Why Do Our Power Bills Keep Going Up?

As every parent understands, raising children is very expensive. Very worth it – but very expensive. There’s the never ending grocery bill, the fees for sports and other activities, school fees, saving for their post-secondary education and about a hundred other hits to the bank account each month.

That is why parents, along with seniors on fixed incomes, are the first to notice and wince when their power bills go up. And in Alberta, our power bills are climbing at an alarming rate. In fact, most credible estimates predict that in just a few short years, our power bills will be 2 or 3 times what they were just a couple of years ago.

One must first ask why? After all, the price of the natural gas we burn to produce electricity, especially during peak demand periods, is at historic lows. Coal, which provides most of our base load of electricity, is as cheap and plentiful as ever.

So, if the cost of the stuff we burn to produce power is so low, why do our electricity bills continue to climb, and risk doubling or tripling in the next few years?
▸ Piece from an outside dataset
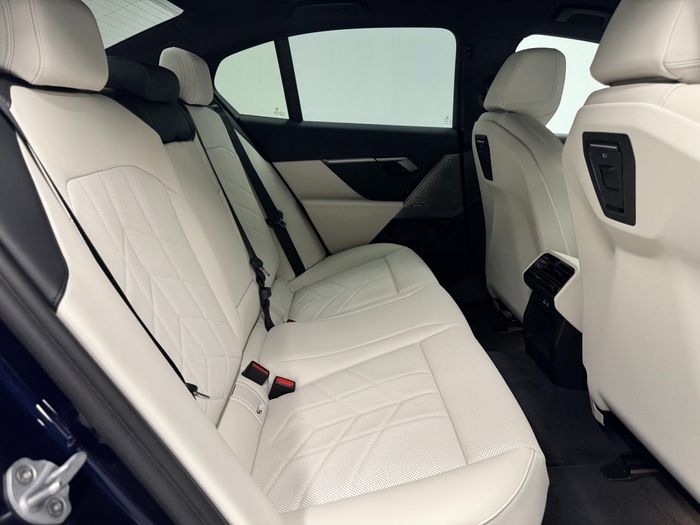BMW 5 Series 2026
You have your provincial government to mostly thank for this heavy hand in your pocket.
The first problem deals with how the PCs have set up the purchasing and selling of electricity onto the grid. Alberta’s current electricity system is oriented to benefit electricity generators and transmitters more than us as ratepayers. The system is not only prone to price spikes, it essentially encourages and makes it easy for producers to hold off selling their electricity onto the grid until prices are at their absolute peak.
Last week’s admission of power price manipulation by a major Alberta power producer is but the latest and most public example of this. TransAlta Corp. admitted last week to intentionally manipulating the cost of electricity during a 31-hour period last year which allowed them to pocket from $245,000 to $4,000,000 (we are unsure as to the final number) on the backs of Alberta ratepayers.
One can only wonder how common this kind of ratepayer rip-off has become, and how much cash you are missing in your wallet because of it.
The second emerging issue is the cost of transferring electricity from where it is generated to where it is used.
You and I pay for every power line erected in Alberta. We even pay the price for transmission line companies to advertise to us on how much we so desperately need the power lines they want to build for us. We also pay for a roughly 9% rate of profit for the transmission line companies as an incentive for them to build the power line. These costs all show up on your power bill underneath ‘Delivery Charges’ (check out your power bill to see how huge this portion of your bill has become). And once we pay for these power lines, they are owned not by us – but by the power companies who can continue to charge us for up-keeping their lines that they use to charge for sending power to us. What a deal eh?
The only protection for consumers from transmission line companies building as much transmission as humanly possible (remember, they get a 9% return on our investment), is what is called the Alberta Utilities Commission’s independent needs assessment hearing where the transmission companies must prove that the power lines they want to build are truly needed by Albertans to keep the lights on in our homes and businesses.
Enter in the PC Government’s passage of its infamous Bill 50, which eliminated the critical needs assessment process and had the PC cabinet decide that billions of dollars in new transmission lines were needed, despite dozens of academic and industry analyses to the contrary. And besides, if the PCs really thought there was a need for these lines, why skip the needs assessment process; after all they claim the need is obvious? A look at the list of large PC donors, sponsors, PC party activists, fundraisers and friends makes the reasons for it pretty darn clear.
Because the price of natural gas is so low, it is quite obvious that an objective independent needs assessment process would have shown that locally generated electricity from natural gas would eliminate or significantly reduce the need for these new mega power lines while also reducing pollution when compared to its northern coal generating cousins. It is these coal generators which need the lines to get their power down to Calgary, but more importantly, for export to the United States.
Everyone would win with locally generated electricity from natural gas…everyone except the PC Party that is. They have favours to pay back after all. And Premier Redford’s refusal to repeal Bill 50 and start the needs assessment process from scratch on these new lines, speaks volumes.
Albertans deserve better than this. A Wildrose Government, if elected, will implement the following reforms to vastly improve our province’s electricity generation and transmission system, and save all Albertans money on their power bills:
Repeal Bill 50 and restart the process with a fully objective and impartial needs assessment hearing by the Alberta Utilities Commission.
Promote more locally-generated electricity from natural gas.
Ensure transmission costs are properly worked into planning and delivery, so that generators and transmitters are encouraged to minimize costs instead of ratepayers subsidizing inefficiency.
Reform the way in which electricity is purchased and sold in Alberta, specifically focusing on reducing price spikes for consumers and businesses.
Reduce electricity demand by developing market based mechanisms that encourage efficiency and allow businesses and individual Albertans to sell locally-generated electricity from co-gen, wind, solar, biomass, and other alternatives back to the grid.
There is a clear decision to be made in the next election. Let’s not let the PCs give their friends a blank cheque at Albertan’s expense again.